The anniversary dinner of the Royal Society was held on
Wednesday night at the Whitehall Rooms. Mr. Arnold- Forster, in proposing the toast of the evening, alluded very happily to the infinite opportunities for the work of scientifi- cally trained minds in our public Services, noting with satisfac- tion that no fewer than thirty-one Fellows either were, or had been, officers in the Royal Navy or Army. In particular, he prided himself on being associated with claiming from the Royal Society two of the most distinguished public servants we possessed, Professor Ewing and Sir George Clarke, whose lifelong studies and great accomplishments he had long desired to see placed at the disposal of the nation.
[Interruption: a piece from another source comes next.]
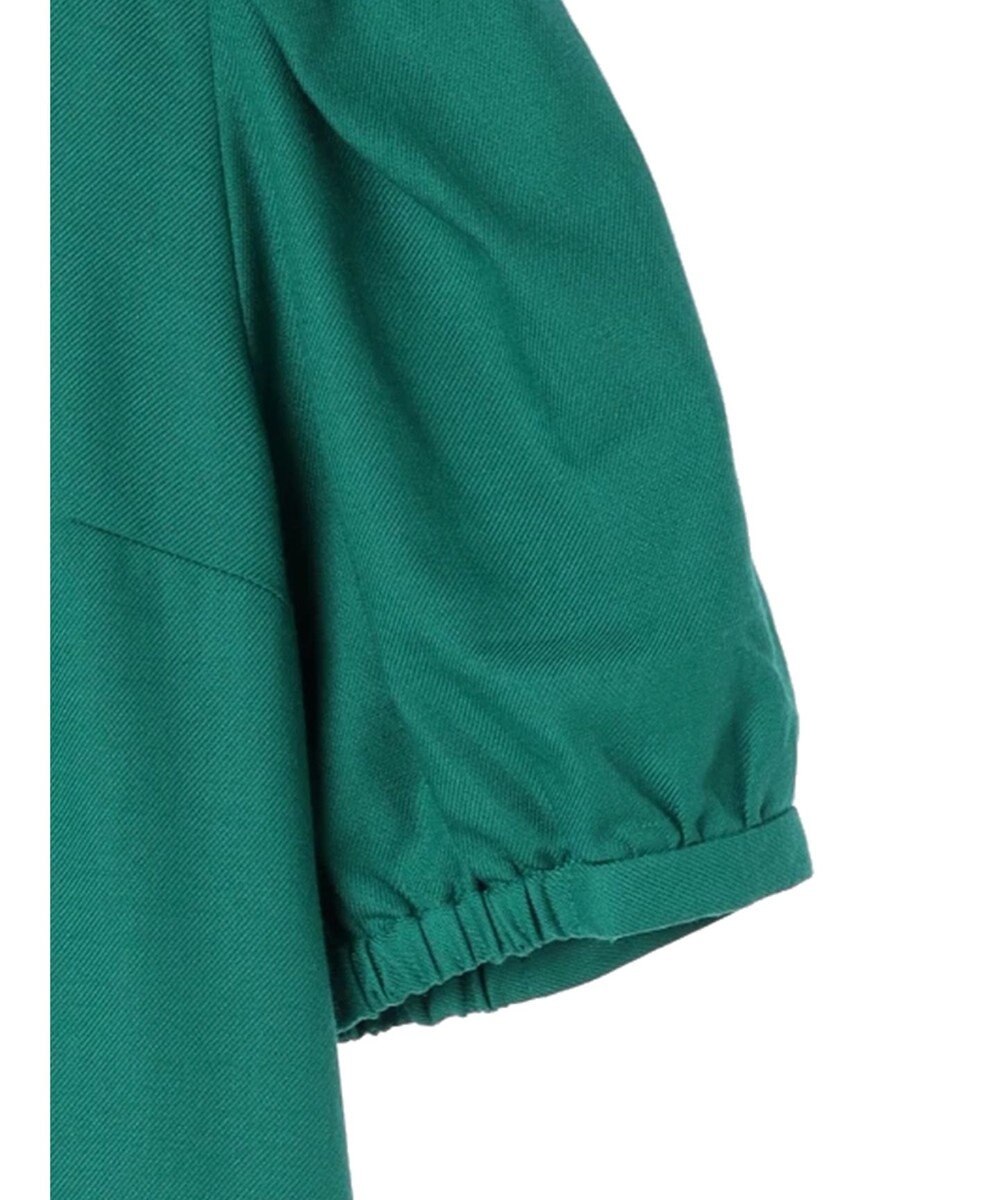 earth music&ecology リサイクルポリエステルブレンドＡラインワンピース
The President, Sir William Huggins, spoke with eloquence and enthusiasm on the progress of science, and in particular of the successive confirmations of the doctrine that the cosmos had advanced, and was still advancing, by a process of orderly evolution. "Material mass gives place to the electric mass of moving electric charges. On this view, the chemical elements, each with its individual properties, but all falling into family groups according to a periodic law, have their origin in differences in the number of the electrons and in the figures of their giddy dances, whirling within the atom." By each discovery the vision of the world had become more glorious, the wonder of it more amazing. As to the Whence—the force that sustained the uniformity of Nature, and stood behind the obvious trend and direction of the development of the cosmos —and the Whither, "Science was silent ; but with eyes aflame looked forward to the coming day— 'When light shall spread Thro' all the seasons of the golden year."
The President concluded his address by eulogistic reference to the eight medallists,—Sir William Crookes, Professors Rutherford, Burnside, Perkin, and Cantor (of Halle), Colonel Bruce, Mr. Bateson, and Sir Joseph Swan.